Sunday 21 November 2010

Garden art and bread


I had a lovely comment from an anonymous person (thank you) on my last posting who offered a memory of being in Chesters Walled Garden amongst its amazing and tame wildlife. Memories of the garden live on in all sorts of different ways and from now until nearly Christmas you can see Kim Lewis's quite wonderful prints in the lovely setting of Allendale Bakery and Cafe. It's not really as if you need an excuse to visit this warm, cosy cafe on a winter's day with its fresh baking smells, bowls of home made soup and the best scones I have ever tasted. Kim's work looks so right in this setting and is being much admired.

The prints show 12 iconic plants from the walled garden, plants I chose to represent each of the four walls. I wrote 50 words of text to go with each (keeping to few words is harder than writing lots...) and we talked together about the plants natures, what they FELT like, what they meant to me, and Kim has got all this miraculously into her linocuts. This is the second airing for the exhibition after being seen at the Queen's Hall Arts centre in Hexham this summer. In addition to the prints of Chesters (which Kim entitled 'Sanctuary') she is showing a set of prints of lilies also very beautiful. You can read about the Bakery and its breadmaking courses at www.allendalebakery.com - there is lots of parking or you can park in the marketplace in Allendale and walk for one mile along the river to get to it. The footpath goes past the hollow into an old mine working where a stream issues out of the stone entrance. A great thing to do on a winter day.

Tuesday 9 November 2010

An autumn trip to Scampston

It's a three hour journey from Northumberland but recently I went down to see the walled garden at Scampston in Yorkshire - for the first time. Up til now I have been too busy working to be able to go but when my friend Jill suggested a trip, I jumped at the chance. Reminded how lovely it is at this time of the year by an article in Country Living, we set off, knowing that when we arrived we would also get a good cup of coffee - the restaurent has a reputation for its food. It didn't disappoint and there were files of press cuttings so we could read about the garden at the same time.
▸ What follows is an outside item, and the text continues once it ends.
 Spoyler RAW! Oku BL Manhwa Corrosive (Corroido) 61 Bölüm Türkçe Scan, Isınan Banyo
The recommended path around the garden takes you on a journey inside the walls but separated from the various compartments that it is divided into by a line of pleached trees. So we emerged at the far end to look into a garden of curving grasses. Having seen so many photographs of this, I had expected them to be taller and have more impact. We enjoyed the contrast though with the silent garden in the next enclosure, a large, sky-reflecting and serene pool, its surface glassy because it was a still day. The gardeners must have been in the middle of clipping the yew cylinders that are regularly planted in this green space because there were strange wooden structures that provided a template for the shapes. Hinged and made of curving wood they reminded me of whalebone corsets! Perhaps the gardeners were having a break, but the downed tools amplified the silence.

There is much to see at Scampston wihtin the high walls of the garden - cutting garden, vegetable garden, a delighful greenhouse that we could tantalisingly only look into from outside as it needs repair, long strips of perennial plantings backed by yew hedges, shrubby areas, undulating yew hedges and a viewing mound to see the patterns of it all. But the most anticipated was the Perennial Meadow and it was very lovely. From every angle there were different combinations of seedheads, grasses and exciting forms, and we ended up spending a long time just wandering around it taking in the planting details.
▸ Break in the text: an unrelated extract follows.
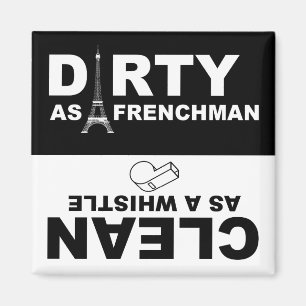 Clean Dirty Dishwasher magnet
At one end of this stands a Katsura grove, a shimmering of autumn leaf colours from multi-stemmed Cercidophyllum trees and as the leaves die they give off a heady and evocative scent of burnt sugar. Its sensuality was enhanced by a great circle of grasses, the tall variety 'Transparent' waving over our heads. Lunch was simply delicious; I had a tremendous Ceasar salad, one of the best ever, beautifully put together and balanced. The long drive back over moor and dale was lit by evening sun so we didn't mind the travelling quite so much and it had been a good day.